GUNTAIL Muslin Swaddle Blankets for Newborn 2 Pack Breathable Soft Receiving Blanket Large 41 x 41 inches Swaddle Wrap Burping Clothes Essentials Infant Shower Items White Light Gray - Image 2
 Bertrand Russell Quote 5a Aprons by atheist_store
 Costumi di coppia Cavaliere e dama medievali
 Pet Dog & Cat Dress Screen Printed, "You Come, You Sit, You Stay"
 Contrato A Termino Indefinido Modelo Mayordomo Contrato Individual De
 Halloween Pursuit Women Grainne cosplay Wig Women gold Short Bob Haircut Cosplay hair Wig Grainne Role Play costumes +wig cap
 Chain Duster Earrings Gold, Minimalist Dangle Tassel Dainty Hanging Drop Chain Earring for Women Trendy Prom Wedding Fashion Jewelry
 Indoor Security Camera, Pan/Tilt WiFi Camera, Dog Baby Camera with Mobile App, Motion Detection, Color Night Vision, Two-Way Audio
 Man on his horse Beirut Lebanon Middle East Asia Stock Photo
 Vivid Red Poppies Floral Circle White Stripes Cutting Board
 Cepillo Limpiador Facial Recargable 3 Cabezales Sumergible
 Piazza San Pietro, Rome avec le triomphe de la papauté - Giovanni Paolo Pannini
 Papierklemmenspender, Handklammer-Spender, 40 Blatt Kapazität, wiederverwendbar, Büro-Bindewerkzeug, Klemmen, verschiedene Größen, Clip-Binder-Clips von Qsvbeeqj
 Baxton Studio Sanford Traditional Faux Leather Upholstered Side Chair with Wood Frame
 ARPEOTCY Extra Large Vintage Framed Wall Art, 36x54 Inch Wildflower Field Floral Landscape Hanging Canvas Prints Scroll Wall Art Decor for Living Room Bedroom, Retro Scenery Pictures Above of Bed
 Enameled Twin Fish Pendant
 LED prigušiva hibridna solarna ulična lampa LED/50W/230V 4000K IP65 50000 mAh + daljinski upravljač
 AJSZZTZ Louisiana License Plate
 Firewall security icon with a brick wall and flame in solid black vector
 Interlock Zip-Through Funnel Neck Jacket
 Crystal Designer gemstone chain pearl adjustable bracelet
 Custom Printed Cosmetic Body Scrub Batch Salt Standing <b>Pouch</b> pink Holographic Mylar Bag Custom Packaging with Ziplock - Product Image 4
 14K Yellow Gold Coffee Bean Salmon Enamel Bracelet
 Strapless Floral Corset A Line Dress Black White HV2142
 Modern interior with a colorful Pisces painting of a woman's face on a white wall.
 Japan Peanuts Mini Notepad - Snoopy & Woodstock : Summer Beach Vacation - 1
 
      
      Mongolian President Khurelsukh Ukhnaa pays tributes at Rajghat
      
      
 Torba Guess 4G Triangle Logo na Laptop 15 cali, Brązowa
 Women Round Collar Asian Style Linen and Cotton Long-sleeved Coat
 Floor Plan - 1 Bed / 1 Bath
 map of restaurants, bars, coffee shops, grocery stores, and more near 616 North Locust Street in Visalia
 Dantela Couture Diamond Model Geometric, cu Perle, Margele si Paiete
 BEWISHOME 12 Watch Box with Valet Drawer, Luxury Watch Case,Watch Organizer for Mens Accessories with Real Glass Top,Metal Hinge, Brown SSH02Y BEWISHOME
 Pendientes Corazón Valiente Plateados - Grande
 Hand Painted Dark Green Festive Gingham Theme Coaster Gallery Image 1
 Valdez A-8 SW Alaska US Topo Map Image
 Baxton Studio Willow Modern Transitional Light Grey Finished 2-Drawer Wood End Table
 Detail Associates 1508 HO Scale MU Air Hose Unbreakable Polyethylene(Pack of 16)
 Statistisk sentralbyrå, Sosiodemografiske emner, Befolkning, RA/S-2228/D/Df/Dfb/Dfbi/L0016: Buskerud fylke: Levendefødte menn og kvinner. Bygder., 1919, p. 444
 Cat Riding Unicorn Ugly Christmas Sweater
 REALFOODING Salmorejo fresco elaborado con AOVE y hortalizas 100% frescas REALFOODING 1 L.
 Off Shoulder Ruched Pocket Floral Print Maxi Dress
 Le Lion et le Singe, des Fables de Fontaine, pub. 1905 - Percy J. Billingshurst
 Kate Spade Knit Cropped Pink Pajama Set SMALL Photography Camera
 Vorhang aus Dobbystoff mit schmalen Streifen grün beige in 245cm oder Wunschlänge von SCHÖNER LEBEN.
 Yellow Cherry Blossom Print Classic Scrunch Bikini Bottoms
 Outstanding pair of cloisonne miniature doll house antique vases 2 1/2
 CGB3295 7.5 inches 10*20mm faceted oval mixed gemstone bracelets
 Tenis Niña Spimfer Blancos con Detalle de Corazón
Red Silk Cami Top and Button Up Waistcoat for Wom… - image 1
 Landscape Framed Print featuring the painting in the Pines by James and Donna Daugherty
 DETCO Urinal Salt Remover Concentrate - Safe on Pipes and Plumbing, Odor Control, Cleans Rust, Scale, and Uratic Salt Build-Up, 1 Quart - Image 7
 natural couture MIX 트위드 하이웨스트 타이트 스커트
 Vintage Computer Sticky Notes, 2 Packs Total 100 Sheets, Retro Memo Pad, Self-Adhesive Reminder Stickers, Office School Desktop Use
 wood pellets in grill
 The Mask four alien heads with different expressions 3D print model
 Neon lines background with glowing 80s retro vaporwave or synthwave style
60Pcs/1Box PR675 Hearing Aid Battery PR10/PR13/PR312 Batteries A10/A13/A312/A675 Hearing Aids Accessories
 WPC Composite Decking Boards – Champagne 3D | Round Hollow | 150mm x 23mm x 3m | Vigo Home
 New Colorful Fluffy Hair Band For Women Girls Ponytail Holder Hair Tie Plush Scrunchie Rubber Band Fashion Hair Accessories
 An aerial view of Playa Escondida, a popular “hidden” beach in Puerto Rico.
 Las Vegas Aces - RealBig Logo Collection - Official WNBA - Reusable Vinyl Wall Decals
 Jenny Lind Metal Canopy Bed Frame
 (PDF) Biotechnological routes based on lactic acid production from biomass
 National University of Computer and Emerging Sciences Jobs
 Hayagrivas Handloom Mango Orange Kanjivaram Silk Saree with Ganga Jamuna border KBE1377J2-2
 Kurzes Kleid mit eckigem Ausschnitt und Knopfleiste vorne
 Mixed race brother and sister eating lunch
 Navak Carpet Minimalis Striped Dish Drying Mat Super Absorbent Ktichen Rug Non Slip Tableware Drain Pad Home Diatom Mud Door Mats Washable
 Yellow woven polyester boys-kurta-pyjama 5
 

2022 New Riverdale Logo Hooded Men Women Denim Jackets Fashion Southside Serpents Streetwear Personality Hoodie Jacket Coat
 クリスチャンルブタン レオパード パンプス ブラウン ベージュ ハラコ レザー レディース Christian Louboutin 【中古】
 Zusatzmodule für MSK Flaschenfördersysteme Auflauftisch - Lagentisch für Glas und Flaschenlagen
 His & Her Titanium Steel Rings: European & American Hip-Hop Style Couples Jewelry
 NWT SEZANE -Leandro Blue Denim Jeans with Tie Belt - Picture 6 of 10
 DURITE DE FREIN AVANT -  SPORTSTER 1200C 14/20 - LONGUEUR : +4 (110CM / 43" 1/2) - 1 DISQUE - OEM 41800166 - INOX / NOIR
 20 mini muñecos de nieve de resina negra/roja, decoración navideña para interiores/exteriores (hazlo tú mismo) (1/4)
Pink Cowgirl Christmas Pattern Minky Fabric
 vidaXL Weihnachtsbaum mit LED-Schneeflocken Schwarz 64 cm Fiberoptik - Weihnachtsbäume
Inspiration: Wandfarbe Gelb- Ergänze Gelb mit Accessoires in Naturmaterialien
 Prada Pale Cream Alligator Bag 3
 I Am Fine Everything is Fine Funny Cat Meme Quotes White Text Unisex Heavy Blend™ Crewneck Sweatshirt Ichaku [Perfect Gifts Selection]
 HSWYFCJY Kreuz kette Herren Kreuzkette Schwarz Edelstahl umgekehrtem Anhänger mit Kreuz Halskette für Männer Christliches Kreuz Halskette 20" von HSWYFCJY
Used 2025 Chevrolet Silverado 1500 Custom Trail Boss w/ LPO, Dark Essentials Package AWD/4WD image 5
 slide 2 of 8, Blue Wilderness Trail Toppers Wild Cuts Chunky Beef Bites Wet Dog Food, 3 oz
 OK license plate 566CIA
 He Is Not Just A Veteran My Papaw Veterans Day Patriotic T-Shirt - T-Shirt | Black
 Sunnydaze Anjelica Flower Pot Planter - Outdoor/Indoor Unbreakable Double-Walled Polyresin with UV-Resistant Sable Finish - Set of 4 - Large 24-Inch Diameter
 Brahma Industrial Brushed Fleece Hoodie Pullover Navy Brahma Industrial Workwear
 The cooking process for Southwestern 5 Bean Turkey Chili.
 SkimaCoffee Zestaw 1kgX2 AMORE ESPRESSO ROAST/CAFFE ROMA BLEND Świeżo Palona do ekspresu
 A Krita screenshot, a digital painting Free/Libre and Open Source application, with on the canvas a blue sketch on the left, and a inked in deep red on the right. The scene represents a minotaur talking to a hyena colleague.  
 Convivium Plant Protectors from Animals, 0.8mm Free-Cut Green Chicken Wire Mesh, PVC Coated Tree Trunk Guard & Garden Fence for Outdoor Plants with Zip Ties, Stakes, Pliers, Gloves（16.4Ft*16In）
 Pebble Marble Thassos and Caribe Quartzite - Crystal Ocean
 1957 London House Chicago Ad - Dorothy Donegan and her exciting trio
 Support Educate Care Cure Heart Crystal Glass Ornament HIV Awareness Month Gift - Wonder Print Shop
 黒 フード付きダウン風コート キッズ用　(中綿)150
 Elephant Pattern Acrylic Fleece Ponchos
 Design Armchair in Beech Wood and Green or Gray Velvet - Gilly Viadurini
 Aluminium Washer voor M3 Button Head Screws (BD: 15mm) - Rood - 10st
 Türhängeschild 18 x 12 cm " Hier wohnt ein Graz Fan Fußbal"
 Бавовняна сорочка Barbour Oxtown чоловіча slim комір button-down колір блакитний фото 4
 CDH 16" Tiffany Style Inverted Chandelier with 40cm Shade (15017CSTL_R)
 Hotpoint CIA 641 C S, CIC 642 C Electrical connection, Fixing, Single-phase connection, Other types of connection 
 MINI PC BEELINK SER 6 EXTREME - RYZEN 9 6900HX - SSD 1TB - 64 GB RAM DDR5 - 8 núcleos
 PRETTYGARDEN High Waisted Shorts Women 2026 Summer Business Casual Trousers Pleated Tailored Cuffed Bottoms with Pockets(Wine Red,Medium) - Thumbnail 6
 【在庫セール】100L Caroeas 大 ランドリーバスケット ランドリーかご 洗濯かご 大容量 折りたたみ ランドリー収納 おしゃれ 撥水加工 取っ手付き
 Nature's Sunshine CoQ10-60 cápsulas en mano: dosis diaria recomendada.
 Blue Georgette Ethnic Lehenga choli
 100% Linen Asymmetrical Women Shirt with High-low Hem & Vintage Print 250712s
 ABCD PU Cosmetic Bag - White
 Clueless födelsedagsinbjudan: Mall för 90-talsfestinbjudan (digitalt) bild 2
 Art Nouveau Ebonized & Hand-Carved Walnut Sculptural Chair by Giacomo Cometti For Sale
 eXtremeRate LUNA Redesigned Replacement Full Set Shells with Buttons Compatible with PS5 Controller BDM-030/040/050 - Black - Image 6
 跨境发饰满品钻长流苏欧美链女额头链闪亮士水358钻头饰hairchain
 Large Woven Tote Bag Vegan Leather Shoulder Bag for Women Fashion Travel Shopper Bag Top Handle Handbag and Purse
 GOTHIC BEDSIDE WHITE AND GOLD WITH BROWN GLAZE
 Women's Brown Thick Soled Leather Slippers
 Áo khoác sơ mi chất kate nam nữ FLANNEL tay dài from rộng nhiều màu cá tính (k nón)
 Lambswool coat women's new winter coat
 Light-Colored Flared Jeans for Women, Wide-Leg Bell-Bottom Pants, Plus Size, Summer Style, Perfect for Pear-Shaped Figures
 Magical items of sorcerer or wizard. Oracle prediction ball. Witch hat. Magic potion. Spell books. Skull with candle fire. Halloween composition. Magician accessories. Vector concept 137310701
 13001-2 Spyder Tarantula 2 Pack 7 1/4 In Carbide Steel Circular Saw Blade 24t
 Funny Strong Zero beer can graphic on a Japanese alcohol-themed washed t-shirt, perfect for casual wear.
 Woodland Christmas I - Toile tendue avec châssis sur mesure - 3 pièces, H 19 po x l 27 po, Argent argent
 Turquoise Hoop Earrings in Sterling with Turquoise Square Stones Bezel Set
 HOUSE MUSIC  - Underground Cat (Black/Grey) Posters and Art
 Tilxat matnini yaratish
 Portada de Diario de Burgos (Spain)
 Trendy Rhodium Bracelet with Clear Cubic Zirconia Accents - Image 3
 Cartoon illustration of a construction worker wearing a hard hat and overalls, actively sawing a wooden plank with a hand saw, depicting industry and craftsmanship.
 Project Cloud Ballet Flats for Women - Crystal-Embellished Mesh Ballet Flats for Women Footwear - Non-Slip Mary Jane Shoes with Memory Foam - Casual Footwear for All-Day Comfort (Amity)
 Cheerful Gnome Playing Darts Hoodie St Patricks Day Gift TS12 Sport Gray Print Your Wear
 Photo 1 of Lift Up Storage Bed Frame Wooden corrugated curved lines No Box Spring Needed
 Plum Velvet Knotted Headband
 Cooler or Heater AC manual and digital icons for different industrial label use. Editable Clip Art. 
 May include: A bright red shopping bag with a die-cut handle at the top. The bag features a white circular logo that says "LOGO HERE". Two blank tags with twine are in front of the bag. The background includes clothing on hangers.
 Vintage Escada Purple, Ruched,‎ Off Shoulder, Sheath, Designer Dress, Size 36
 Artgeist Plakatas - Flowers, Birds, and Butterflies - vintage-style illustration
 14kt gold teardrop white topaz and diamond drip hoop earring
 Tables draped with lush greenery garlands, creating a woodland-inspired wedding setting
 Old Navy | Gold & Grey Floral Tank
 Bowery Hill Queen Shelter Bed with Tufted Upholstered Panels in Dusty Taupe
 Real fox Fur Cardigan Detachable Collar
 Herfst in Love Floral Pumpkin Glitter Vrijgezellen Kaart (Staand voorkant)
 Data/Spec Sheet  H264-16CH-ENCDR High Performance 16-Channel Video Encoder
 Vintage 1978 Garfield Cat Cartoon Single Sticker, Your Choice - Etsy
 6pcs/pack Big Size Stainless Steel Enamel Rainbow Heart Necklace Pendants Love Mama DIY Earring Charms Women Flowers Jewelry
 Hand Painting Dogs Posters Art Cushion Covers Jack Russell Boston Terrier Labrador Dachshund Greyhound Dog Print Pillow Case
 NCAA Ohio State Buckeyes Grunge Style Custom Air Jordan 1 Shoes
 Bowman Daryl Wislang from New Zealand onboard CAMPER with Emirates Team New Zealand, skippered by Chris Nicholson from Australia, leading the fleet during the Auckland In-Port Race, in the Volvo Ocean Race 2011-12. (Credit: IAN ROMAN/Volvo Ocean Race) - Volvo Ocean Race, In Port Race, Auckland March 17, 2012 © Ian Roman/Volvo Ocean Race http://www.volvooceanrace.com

→ **TASK INSTRUCTIONS**
Nothing but the lines above from the one containing "Hayagrivas Handloom Mango" through the one containing "Navak Carpet Minimalis" should appear in the answer, each repeated exactly.

→ **RESPONSE AREA**
 Hayagrivas Handloom Mango Orange Kanjivaram Silk Saree with Ganga Jamuna border KBE1377J2-2
 Kurzes Kleid mit eckigem Ausschnitt und Knopfleiste vorne
 Mixed race brother and sister eating lunch
 Navak Carpet Minimalis Striped Dish Drying Mat Super Absorbent Ktichen Rug Non Slip Tableware Drain Pad Home Diatom Mud Door Mats Washable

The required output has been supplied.